─── Data extracts ───

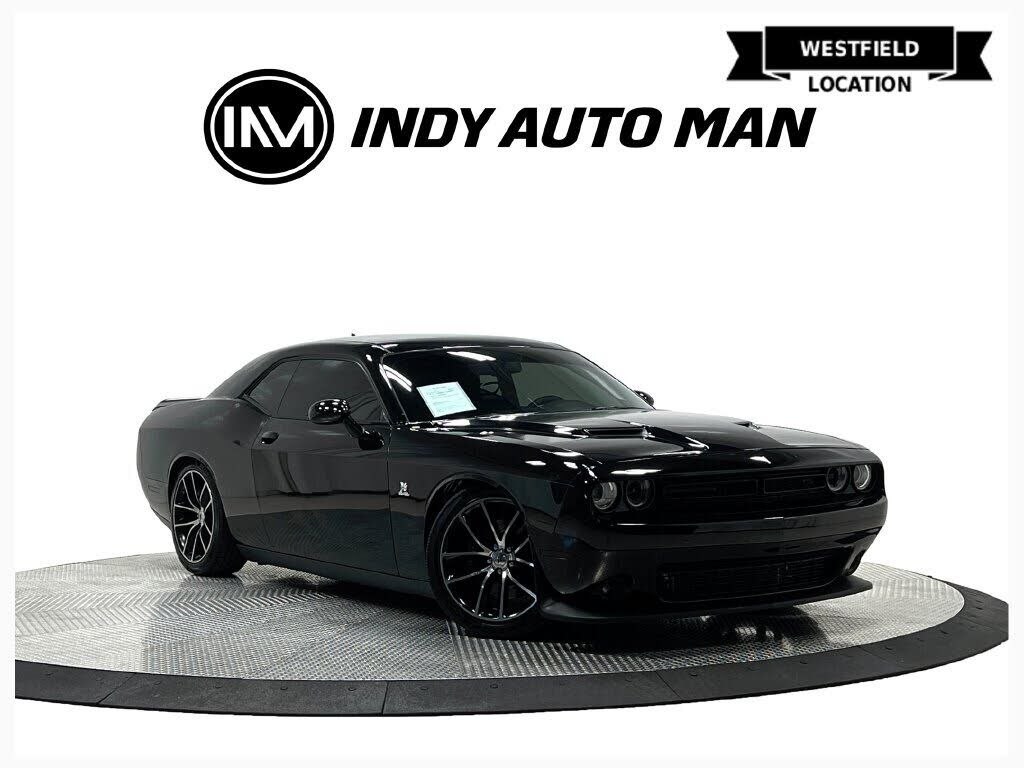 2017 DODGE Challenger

───
─── Data extracts ───

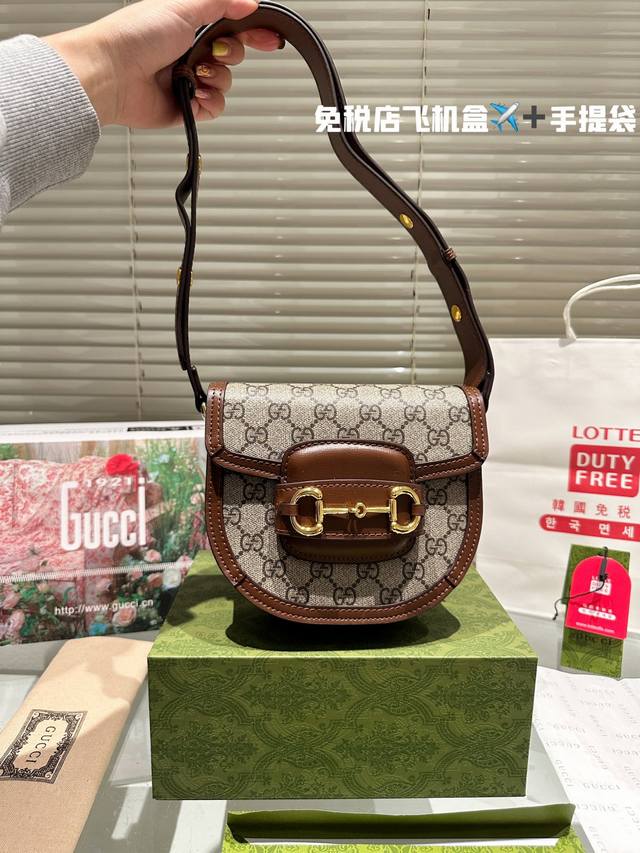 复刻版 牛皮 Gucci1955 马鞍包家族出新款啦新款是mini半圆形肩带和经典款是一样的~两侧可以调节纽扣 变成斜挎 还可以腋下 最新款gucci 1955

───
─── Data extracts ───

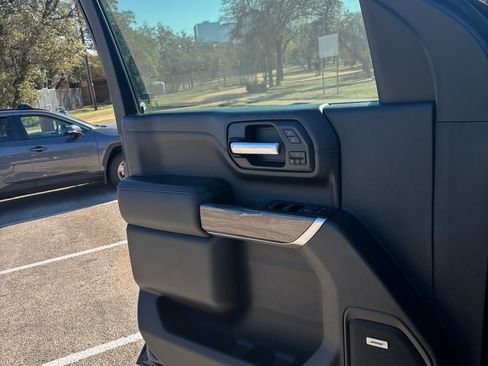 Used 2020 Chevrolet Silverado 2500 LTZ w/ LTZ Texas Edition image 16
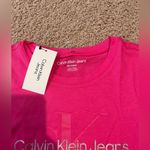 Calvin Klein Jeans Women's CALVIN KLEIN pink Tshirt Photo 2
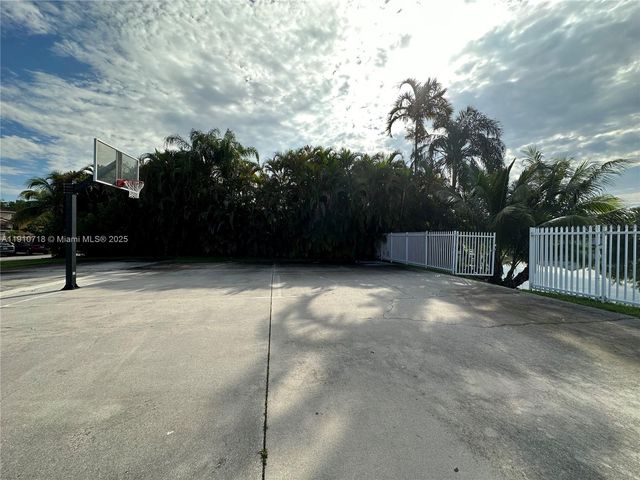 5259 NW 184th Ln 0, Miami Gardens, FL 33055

───

_What is needed:_
In the data above, find the line containing "Calvin Klein Jeans" and the line containing "5259 NW 184th Ln 0, Miami Gardens, FL 33055". Repeat those two lines and everything between them exactly, minus the pictures.

_Your solution:_
 Calvin Klein Jeans Women's CALVIN KLEIN pink Tshirt Photo 2
 5259 NW 184th Ln 0, Miami Gardens, FL 33055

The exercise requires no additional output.